• TASK ITEM: When the line containing "Talisker Aged 10" appears in the data below, begin copying there and stop only after the line containing "Pokemon Pokeball Aluminium Keycap".

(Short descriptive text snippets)

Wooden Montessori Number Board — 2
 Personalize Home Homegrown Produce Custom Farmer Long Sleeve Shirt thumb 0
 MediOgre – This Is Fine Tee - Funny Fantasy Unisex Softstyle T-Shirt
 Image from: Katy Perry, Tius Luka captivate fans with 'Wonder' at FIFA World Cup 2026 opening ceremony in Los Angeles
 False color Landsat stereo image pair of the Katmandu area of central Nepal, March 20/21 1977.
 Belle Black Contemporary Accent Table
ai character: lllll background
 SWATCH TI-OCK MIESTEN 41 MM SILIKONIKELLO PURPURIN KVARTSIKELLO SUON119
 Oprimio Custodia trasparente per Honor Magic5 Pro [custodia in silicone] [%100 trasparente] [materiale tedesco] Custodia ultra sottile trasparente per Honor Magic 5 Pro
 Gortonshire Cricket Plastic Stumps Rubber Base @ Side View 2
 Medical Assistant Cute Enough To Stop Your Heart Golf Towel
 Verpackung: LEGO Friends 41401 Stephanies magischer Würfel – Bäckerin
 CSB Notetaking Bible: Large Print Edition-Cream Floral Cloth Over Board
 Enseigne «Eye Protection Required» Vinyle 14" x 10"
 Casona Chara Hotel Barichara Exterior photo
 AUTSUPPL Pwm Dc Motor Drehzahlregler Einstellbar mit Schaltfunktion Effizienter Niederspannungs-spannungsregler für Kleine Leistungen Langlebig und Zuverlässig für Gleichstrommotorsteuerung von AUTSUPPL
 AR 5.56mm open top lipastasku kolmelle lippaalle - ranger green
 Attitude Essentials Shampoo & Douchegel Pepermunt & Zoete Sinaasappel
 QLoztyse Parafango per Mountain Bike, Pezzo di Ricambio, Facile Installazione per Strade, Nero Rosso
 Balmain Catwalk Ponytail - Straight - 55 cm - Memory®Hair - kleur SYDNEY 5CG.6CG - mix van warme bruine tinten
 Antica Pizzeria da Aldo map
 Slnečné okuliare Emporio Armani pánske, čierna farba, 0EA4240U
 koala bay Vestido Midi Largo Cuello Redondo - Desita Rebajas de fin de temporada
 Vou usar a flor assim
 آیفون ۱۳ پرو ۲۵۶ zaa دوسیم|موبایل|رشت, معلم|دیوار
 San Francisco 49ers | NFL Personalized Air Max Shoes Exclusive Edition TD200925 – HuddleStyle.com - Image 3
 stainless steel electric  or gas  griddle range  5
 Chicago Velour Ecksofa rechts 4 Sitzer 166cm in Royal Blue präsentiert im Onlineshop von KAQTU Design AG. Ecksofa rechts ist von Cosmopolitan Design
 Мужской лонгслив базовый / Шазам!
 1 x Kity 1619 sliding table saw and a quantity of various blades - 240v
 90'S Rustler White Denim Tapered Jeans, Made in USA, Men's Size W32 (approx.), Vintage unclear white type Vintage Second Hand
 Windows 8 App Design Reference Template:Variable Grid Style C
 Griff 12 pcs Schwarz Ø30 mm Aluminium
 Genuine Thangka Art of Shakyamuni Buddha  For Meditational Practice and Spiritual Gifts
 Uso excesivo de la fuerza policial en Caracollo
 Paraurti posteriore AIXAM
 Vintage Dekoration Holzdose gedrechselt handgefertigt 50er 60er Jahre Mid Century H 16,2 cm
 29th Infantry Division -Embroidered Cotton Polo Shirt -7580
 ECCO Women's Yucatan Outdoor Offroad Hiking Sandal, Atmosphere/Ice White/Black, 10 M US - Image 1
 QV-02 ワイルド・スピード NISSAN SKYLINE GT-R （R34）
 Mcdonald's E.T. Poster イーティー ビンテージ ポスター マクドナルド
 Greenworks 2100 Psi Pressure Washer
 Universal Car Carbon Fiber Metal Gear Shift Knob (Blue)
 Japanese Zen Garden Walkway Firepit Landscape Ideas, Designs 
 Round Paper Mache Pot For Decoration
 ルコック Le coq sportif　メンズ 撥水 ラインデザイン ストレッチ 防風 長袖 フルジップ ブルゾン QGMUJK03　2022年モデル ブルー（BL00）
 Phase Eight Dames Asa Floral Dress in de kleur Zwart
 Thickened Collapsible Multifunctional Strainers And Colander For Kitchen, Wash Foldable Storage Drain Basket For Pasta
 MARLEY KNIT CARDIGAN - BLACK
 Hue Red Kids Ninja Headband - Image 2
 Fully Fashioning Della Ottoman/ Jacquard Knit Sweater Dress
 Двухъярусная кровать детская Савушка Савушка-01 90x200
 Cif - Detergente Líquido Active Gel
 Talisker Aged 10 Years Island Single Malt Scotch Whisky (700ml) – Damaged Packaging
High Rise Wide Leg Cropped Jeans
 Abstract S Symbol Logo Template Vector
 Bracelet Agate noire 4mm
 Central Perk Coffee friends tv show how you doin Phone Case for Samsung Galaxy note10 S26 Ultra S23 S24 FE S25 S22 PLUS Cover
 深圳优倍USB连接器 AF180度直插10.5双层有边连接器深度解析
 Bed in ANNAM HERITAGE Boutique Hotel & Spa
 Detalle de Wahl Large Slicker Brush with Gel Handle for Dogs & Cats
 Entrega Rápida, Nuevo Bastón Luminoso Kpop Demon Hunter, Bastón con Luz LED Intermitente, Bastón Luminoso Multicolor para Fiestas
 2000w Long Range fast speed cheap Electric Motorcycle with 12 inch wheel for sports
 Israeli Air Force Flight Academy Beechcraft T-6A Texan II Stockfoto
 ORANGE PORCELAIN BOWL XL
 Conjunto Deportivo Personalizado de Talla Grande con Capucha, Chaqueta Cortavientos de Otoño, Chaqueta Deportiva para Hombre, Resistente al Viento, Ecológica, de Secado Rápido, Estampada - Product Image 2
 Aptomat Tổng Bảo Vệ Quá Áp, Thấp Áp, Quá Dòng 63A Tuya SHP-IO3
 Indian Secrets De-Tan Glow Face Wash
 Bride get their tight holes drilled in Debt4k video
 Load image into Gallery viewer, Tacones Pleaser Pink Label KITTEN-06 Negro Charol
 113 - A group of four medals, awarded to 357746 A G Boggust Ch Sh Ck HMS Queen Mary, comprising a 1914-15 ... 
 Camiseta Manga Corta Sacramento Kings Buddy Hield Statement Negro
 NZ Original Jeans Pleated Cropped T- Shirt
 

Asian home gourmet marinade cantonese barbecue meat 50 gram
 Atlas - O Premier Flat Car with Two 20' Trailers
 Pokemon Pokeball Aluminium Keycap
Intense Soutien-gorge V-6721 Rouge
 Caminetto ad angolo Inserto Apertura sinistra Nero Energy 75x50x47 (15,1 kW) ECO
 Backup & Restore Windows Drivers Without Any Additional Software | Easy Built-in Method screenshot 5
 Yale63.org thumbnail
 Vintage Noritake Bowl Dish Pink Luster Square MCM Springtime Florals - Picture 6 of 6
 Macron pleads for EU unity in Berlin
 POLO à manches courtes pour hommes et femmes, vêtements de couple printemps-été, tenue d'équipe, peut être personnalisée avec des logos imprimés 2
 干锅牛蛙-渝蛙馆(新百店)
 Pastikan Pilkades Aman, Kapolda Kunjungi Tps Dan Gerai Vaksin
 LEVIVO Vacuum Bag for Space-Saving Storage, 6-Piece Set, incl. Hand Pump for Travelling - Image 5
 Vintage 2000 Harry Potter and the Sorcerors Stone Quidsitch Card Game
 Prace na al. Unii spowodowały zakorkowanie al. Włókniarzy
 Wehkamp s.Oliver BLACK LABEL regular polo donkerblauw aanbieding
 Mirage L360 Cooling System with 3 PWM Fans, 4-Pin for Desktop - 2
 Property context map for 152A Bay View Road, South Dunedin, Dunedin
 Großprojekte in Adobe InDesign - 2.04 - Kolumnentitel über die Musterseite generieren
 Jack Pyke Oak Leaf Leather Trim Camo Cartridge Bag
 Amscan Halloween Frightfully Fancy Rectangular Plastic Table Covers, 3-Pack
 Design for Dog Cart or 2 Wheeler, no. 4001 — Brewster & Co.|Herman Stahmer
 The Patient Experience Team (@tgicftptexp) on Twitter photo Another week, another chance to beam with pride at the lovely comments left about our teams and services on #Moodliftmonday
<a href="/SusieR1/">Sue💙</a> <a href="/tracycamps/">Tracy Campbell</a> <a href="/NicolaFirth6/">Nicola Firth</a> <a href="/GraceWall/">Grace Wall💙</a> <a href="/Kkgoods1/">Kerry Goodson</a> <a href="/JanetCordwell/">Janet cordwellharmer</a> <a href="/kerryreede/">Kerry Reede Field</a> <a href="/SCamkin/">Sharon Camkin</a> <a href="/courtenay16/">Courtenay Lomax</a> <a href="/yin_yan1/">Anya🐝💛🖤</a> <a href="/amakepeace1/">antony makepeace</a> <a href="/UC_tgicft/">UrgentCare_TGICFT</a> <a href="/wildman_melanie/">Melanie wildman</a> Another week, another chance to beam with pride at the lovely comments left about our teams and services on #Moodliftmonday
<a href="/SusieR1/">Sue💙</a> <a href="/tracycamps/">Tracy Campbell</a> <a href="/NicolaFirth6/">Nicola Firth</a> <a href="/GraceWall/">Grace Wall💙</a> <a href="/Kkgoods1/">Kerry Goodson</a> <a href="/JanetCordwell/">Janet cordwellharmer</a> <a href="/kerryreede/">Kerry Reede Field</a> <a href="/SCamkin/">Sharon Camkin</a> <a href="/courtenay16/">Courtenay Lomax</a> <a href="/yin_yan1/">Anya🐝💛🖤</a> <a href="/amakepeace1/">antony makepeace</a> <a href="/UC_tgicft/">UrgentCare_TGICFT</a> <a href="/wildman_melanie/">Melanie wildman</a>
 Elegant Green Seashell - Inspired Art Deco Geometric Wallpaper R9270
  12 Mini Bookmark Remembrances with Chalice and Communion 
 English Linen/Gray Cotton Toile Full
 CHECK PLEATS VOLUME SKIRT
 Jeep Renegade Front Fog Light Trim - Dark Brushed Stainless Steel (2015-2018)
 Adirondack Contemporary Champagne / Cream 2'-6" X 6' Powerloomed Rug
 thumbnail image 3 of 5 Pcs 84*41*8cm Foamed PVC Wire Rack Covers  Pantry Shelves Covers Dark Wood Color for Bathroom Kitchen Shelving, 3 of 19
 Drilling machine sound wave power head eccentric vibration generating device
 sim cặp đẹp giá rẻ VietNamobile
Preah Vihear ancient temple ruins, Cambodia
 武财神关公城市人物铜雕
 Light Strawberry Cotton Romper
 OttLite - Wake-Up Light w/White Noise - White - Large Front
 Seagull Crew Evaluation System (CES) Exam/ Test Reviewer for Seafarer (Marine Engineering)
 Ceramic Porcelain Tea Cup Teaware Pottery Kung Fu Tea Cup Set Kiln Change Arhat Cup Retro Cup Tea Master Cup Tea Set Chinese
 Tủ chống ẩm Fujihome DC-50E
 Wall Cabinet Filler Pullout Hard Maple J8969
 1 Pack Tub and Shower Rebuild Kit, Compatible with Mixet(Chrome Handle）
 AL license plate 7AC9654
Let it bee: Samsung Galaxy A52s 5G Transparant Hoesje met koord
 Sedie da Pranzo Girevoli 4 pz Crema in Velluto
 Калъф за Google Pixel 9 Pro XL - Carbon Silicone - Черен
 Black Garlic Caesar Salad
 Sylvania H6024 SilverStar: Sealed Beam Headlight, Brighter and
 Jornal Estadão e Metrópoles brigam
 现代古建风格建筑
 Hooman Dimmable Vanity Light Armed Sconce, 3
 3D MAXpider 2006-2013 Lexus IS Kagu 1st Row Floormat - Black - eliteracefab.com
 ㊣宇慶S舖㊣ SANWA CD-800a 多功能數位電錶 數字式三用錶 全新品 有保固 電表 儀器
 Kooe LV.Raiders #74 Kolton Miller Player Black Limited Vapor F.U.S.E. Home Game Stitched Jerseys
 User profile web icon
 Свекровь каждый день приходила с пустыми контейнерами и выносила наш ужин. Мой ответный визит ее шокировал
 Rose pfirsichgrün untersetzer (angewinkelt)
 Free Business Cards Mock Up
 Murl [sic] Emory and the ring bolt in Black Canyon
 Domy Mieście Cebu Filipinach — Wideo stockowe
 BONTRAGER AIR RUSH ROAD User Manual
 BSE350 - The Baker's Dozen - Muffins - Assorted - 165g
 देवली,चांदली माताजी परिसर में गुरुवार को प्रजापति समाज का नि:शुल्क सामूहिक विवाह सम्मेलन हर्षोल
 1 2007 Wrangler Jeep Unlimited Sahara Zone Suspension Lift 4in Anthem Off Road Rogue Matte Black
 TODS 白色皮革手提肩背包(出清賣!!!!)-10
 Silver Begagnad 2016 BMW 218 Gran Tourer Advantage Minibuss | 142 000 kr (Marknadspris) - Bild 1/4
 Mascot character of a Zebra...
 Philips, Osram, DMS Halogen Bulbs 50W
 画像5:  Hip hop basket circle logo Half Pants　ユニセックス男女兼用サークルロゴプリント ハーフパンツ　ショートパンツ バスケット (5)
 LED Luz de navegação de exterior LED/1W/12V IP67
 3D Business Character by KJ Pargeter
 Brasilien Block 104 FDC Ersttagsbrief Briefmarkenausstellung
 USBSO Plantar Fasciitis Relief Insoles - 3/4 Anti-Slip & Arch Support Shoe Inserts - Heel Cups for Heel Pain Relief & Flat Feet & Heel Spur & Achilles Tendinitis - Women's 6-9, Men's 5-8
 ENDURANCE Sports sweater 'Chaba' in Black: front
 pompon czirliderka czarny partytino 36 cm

• FINISHED TASK:
 Talisker Aged 10 Years Island Single Malt Scotch Whisky (700ml) – Damaged Packaging
High Rise Wide Leg Cropped Jeans
 Abstract S Symbol Logo Template Vector
 Bracelet Agate noire 4mm
 Central Perk Coffee friends tv show how you doin Phone Case for Samsung Galaxy note10 S26 Ultra S23 S24 FE S25 S22 PLUS Cover
 深圳优倍USB连接器 AF180度直插10.5双层有边连接器深度解析
 Bed in ANNAM HERITAGE Boutique Hotel & Spa
 Detalle de Wahl Large Slicker Brush with Gel Handle for Dogs & Cats
 Entrega Rápida, Nuevo Bastón Luminoso Kpop Demon Hunter, Bastón con Luz LED Intermitente, Bastón Luminoso Multicolor para Fiestas
 2000w Long Range fast speed cheap Electric Motorcycle with 12 inch wheel for sports
 Israeli Air Force Flight Academy Beechcraft T-6A Texan II Stockfoto
 ORANGE PORCELAIN BOWL XL
 Conjunto Deportivo Personalizado de Talla Grande con Capucha, Chaqueta Cortavientos de Otoño, Chaqueta Deportiva para Hombre, Resistente al Viento, Ecológica, de Secado Rápido, Estampada - Product Image 2
 Aptomat Tổng Bảo Vệ Quá Áp, Thấp Áp, Quá Dòng 63A Tuya SHP-IO3
 Indian Secrets De-Tan Glow Face Wash
 Bride get their tight holes drilled in Debt4k video
 Load image into Gallery viewer, Tacones Pleaser Pink Label KITTEN-06 Negro Charol
 113 - A group of four medals, awarded to 357746 A G Boggust Ch Sh Ck HMS Queen Mary, comprising a 1914-15 ... 
 Camiseta Manga Corta Sacramento Kings Buddy Hield Statement Negro
 NZ Original Jeans Pleated Cropped T- Shirt
 

Asian home gourmet marinade cantonese barbecue meat 50 gram
 Atlas - O Premier Flat Car with Two 20' Trailers
 Pokemon Pokeball Aluminium Keycap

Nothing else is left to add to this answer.